Why the Sample Variance Divides by n − 1

 

Population variance (with population mean (\mu))

\[\sigma^2 = \frac{(X_1-\mu)^2 + \cdots + (X_N-\mu)^2}{N} = \frac{1}{N}\sum_{i=1}^{N}(X_i-\mu)^2\]

Sample variance (with sample mean (\bar X))

\[S^2 = \frac{(X_1-\bar X)^2 + (X_2-\bar X)^2 + \cdots + (X_n-\bar X)^2}{\,n-1\,} = \frac{1}{n-1}\sum_{i=1}^{n} (X_i-\bar X)^2\]

Why do we divide the sum of (n) squared deviations by (n-1) instead of (n)?


Parameters and sample statistics (estimation map)

\[\begin{aligned} \text{Population mean: } &\ \mu \;\; \xleftarrow{\ \text{estimated by}\ }\;\; \text{Sample mean: }\ \bar X \\[6pt] \text{Population variance: } &\ \sigma^{2} \;\; \xleftarrow{\ \text{estimated by}\ }\;\; \text{Sample variance: }\ S^{2} \\[6pt] \text{Population std. deviation: } &\ \sigma \;\; \xleftarrow{\ \text{estimated by}\ }\;\; \text{Sample std. deviation: }\ S \end{aligned}\]

Expectation (unbiasedness) relationships

\[\mathbb{E}(\bar X)=\mu, \qquad \mathbb{E}(S^{2})=\sigma^{2}.\]

So, on average, the sample mean and the Bessel–corrected sample variance match the true mean and variance.


Motivation

The population is usually too large to compute (\mu,\sigma^2,\sigma) directly.
Instead, we draw a random sample of size (n), compute (\bar X, S^2, S), and expect these sample statistics to capture the main features of the population.


Population mean and variance

\[\begin{aligned} \mu &= \frac{X_1 + X_2 + \cdots + X_N}{N} = \frac{1}{N}\sum_{i=1}^{N} X_i, \\[6pt] \sigma^{2} &= \frac{(X_1-\mu)^2 + (X_2-\mu)^2 + \cdots + (X_N-\mu)^2}{N} = \frac{1}{N}\sum_{i=1}^{N}(X_i-\mu)^2. \end{aligned}\]

Sample mean and (Bessel-corrected) sample variance

\[\begin{aligned} \bar X &= \frac{X_1 + X_2 + \cdots + X_n}{n} = \frac{1}{n}\sum_{i=1}^{n} X_i, \\[6pt] S^{2} &= \frac{(X_1-\bar X)^{2} + (X_2-\bar X)^{2} + \cdots + (X_n-\bar X)^{2}}{\,n-1\,} = \frac{1}{n-1}\sum_{i=1}^{n}(X_i-\bar X)^{2}. \end{aligned}\]

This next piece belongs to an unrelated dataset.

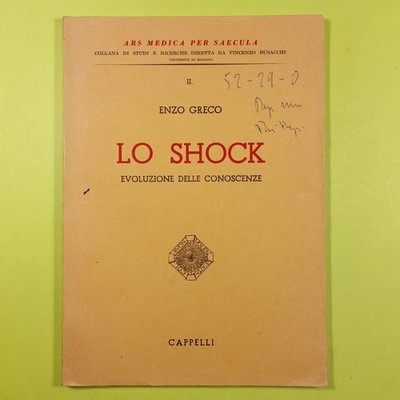 DER SCHOCK EVOLUTION DES GRIECHISCHEN WISSENS HÜTE 1962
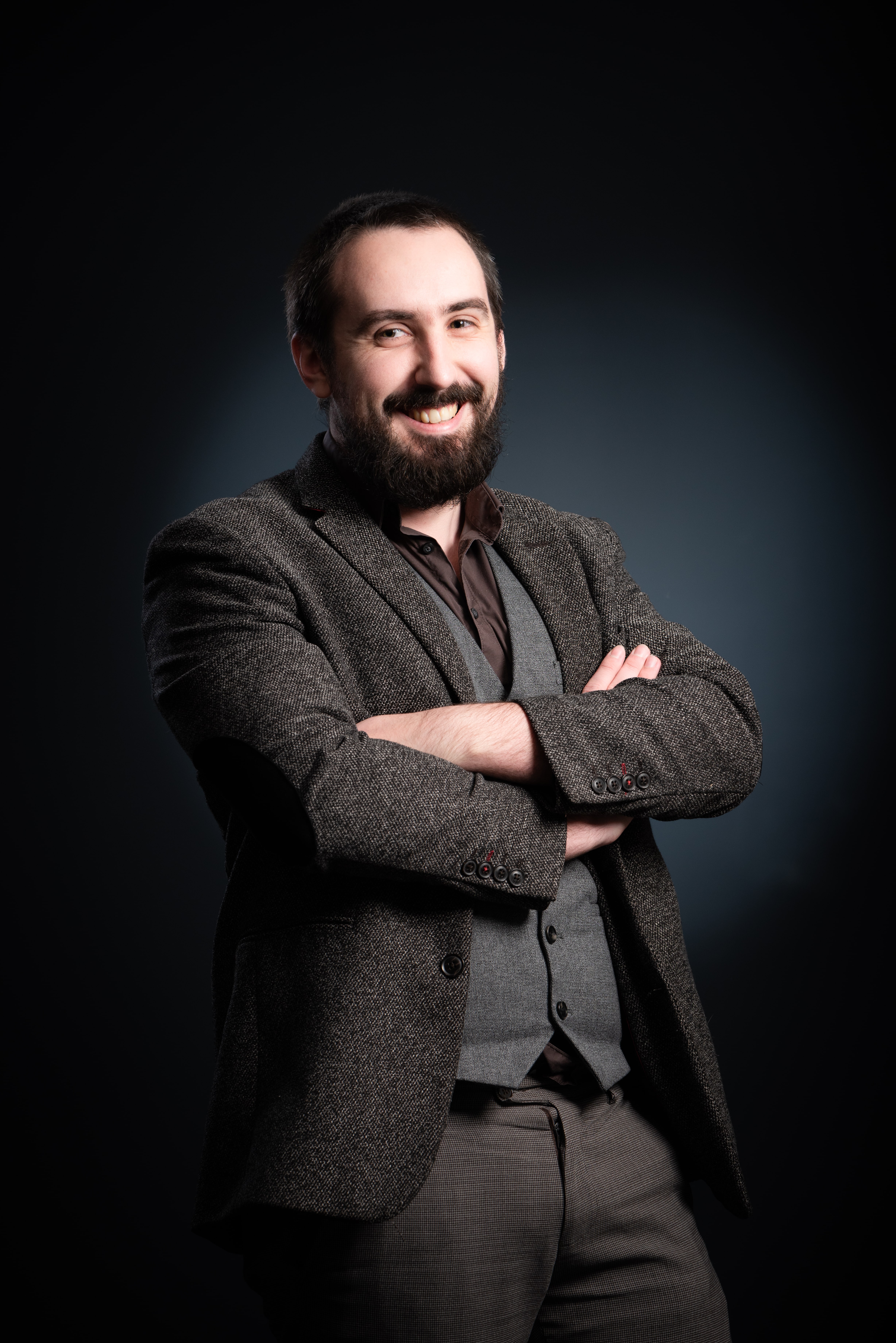 Portrait du fondateur d'Optivmoi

Why do we divide by (n-1)? (intuition)

  1. We first estimate (\mu) using the same data: (\bar X).
    This makes the observations appear slightly closer to the center than they really are, so their spread around (\bar X) is systematically too small.

  2. Therefore, [ \frac{1}{n}\sum_{i=1}^{n}(X_i-\bar X)^2 ] underestimates the true variance on average; it is a biased estimator.

  3. Dividing by a smaller number, (n-1), inflates the value just enough so that (\mathbb{E}(S^2)=\sigma^2).
    This correction is called Bessel’s correction and makes (S^2) an unbiased estimator of the population variance.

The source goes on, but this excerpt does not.